Two of Canada's largest apartment landlords are merging in a cash-and-units deal worth more than $500-million that could be the first sign of consolidation in the booming market for real estate investment trusts.

Canadian Apartment Properties REIT announced yesterday that it has agreed to buy smaller rival Residential Equities REIT in a transaction that will create a company with 24,328 units, concentrated in the Toronto market, but with properties in a variety of other major cities.

Under the terms of the deal, approved by ResREIT's board, CAP REIT plans to pay a combination of cash and units for all outstanding ResREIT units. Unitholders may take $18.60 in cash for each ResREIT unit, up to a maximum of $175-million, or 1.216 units of CAP REIT. ResREIT unitholders will be asked to approve the deal at a special meeting in May. The deal also includes the assumption of $400-million in debt.

Yesterday's announcement sent units of Toronto-based ResREIT up more than 10 per cent to close at $18.65 on the Toronto Stock Exchange. Units of CAP REIT finished the day up 27 cents at $15.72.

News of the merger comes as another large residential landlord, Calgary's Boardwalk Equities Inc., is preparing to convert into a trust. Boardwalk, which has more than 31,000 units, will hold a shareholder meeting in April on the conversion.

It is also widely expected that the Ontario government will address the issue of investor liability for the trust sector this spring -- a move that will likely bring more large institutional investors into the market that will be looking for REITs with larger public floats and the improved liquidity that brings. Alberta's Revenue Minister Greg Melchin also has indicated that he will introduce legislation during the spring session that will limit liability for unitholders of publicly traded income trusts.

"We have been talking about this combination since we both went public," Thomas Schwartz, CAP REIT's chief executive officer, said in an interview yesterday.

ResREIT CEO Dino Chiesa said he plans to stay on as co-CEO until the end of the year and will be vice-chairman of the board after that.

Mr. Schwartz said the deal gives his firm access to a portfolio with prime locations at a time when competition for apartment buildings is fierce.
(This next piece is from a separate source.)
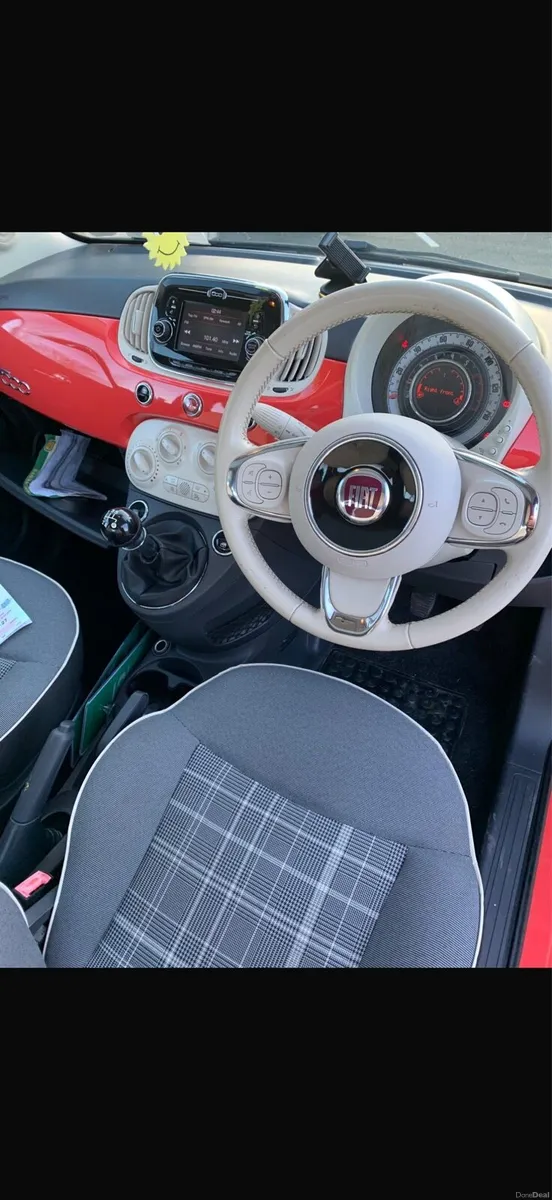 Fiat 500 - Image 2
But mergers are not to everyone's taste. Harry Rannala, who follows the real estate sector for Raymond James in Toronto, said with real estate valuations at high levels, a wave of consolidations at top-dollar prices would be a concern.

"As every real estate cycle matures, you start to see everything become more expensive and you see fewer opportunities and the players become more and more aggressive, and values keep being pushed up," he explained. "Is it sustainable? That's my question. Are these values sustainable?"